If you view the application video, it summarizes by saying the coating will be damaged by detergents, solvents and high pressure water sprays. An aircraft wing flying through precipitation is exposed to conditions as extreme as a high pressure water spray. I doubt that the coating will be sufficiently durable.
I also found some research in 2010 that showed that while it may deter *liquid* water from attaching to a freezing metal surface, that does not address the formation of frost, i.e. water vapor that condenses directly into ice. For that, more development is needed, but may yet be possible.
I have been watching this product with great curiosity for several years now. It seems to hold great promise and miracle-like qualities.
Your right James, durability is a big question, and the product data so far has indicated it is resistant to high pressure water.
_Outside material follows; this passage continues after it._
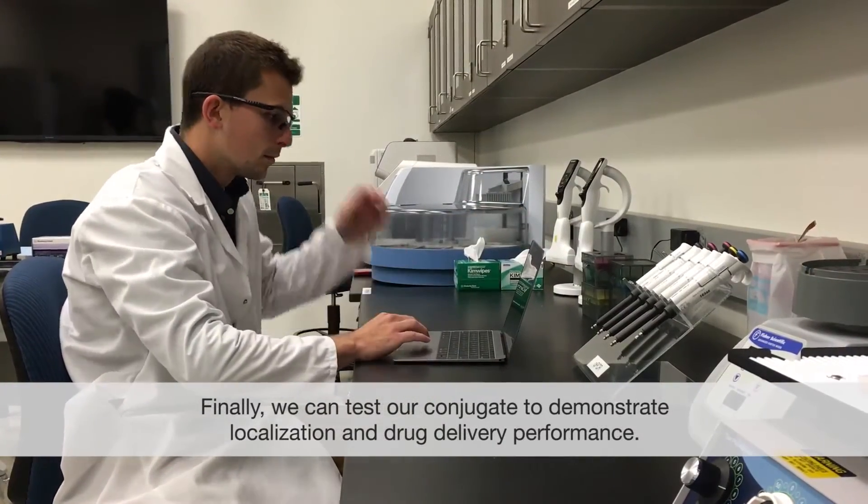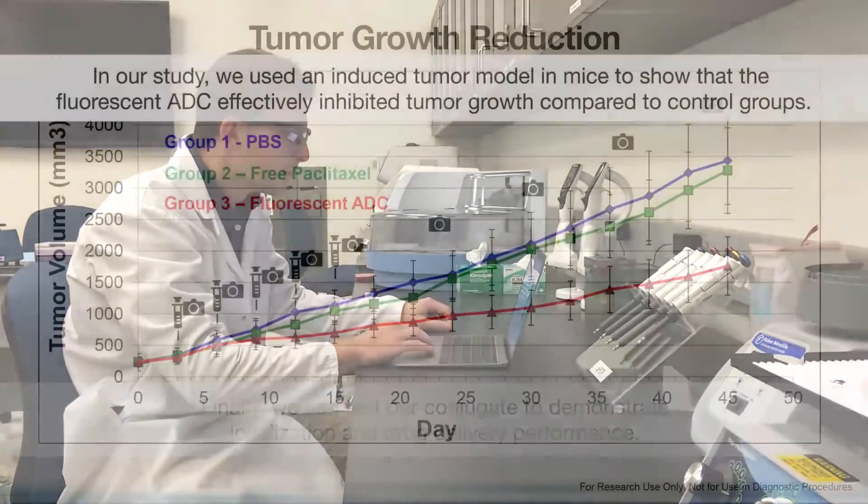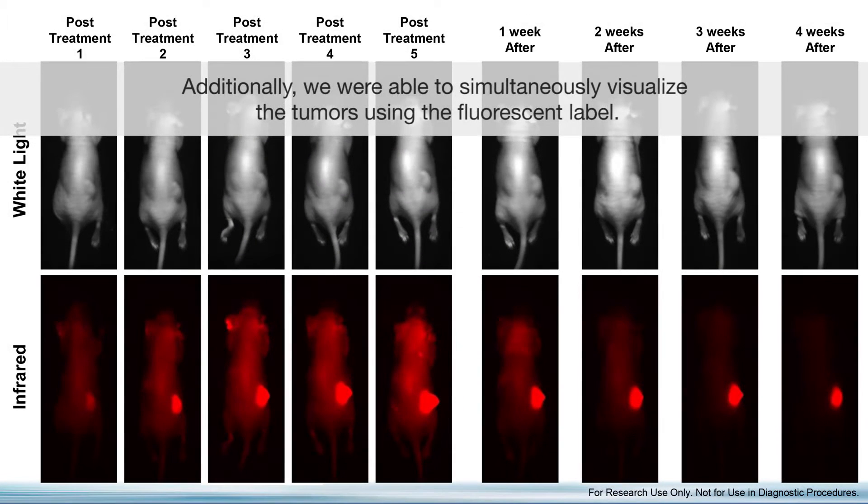Finally we can test our conjugate to demonstrate localization and drug delivery performance. In our study we used an induced tumor model in mice to show that the fluorescent ADC effectively inhibited tumor growth compared to control groups. Additionally, we were able to simultaneously visualize the tumors using the fluorescent label.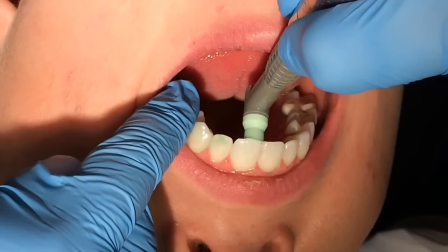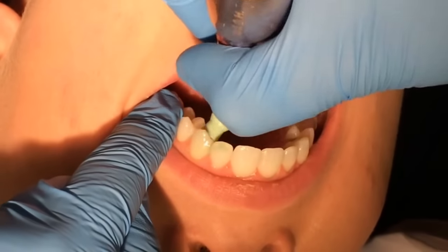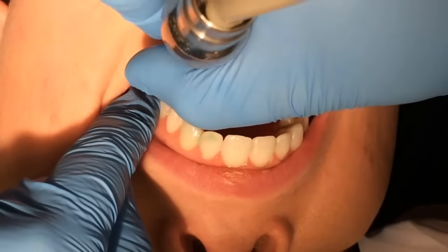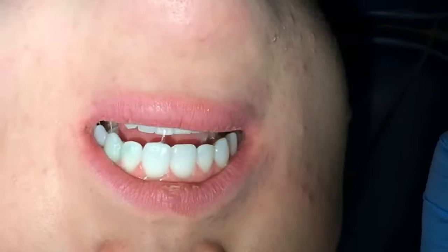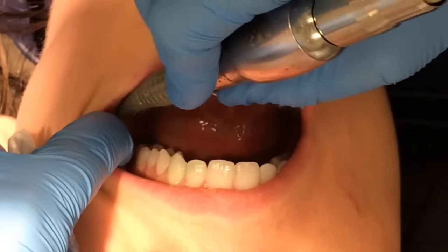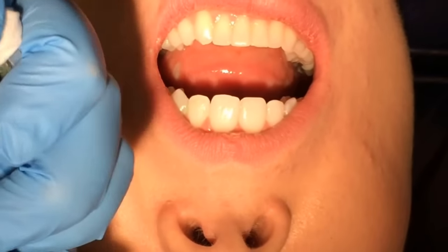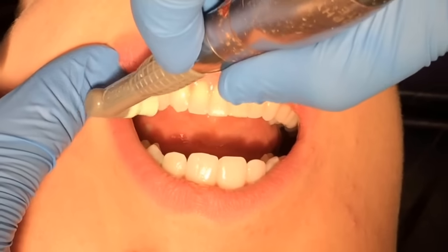If my patient presents with stain on the anterior lingual teeth, I'll use my mirror to take a look and make sure that I'm using the prophy polish as a stain remover. A lot of patients hate this and they hate to swallow it, so if my patient is filling up with water or saliva, I'll let them close on the saliva ejector.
On the product development page for NeverWet (http://www.neverwet.com/anti-wetting.php) it states “Even under extreme conditions like high pressure spray, they maintain their superhydrophobic characteristics.”
It’s interesting to see a contradictory statement in this latest video. I suspect they do not want us to rely on it for aircraft anti icing even though it probably is quite effective.
“Additionally certain solvents, alcohols and soap/detergents will cause the
surface of the coating to “wet-out”. Once these chemicals are
removed, the superhydrophobicity will generally return.”
Also cost may be an issue. It is initially selling for $520 / Gal which would cover approximately 150 sq ft. But will it last for several years or just a few flights? Maybe worth the insurance against an inadvertent icing event. But it’s real value for airplanes will need much more research.
I suspect we will see a lot more about this product in aviation and many other industries in the next few years. It has potential to change many products for the better.
I did not see a demonstration of how this holds up in icing conditions. Each test was with warm or room temperature substances and in still air. The rubber meets the road (airfoil?) when it’s cold and fast movement.
I agree that this could work well with internal corrosion. One must determine if this substance is corrosive to aluminum and other metals.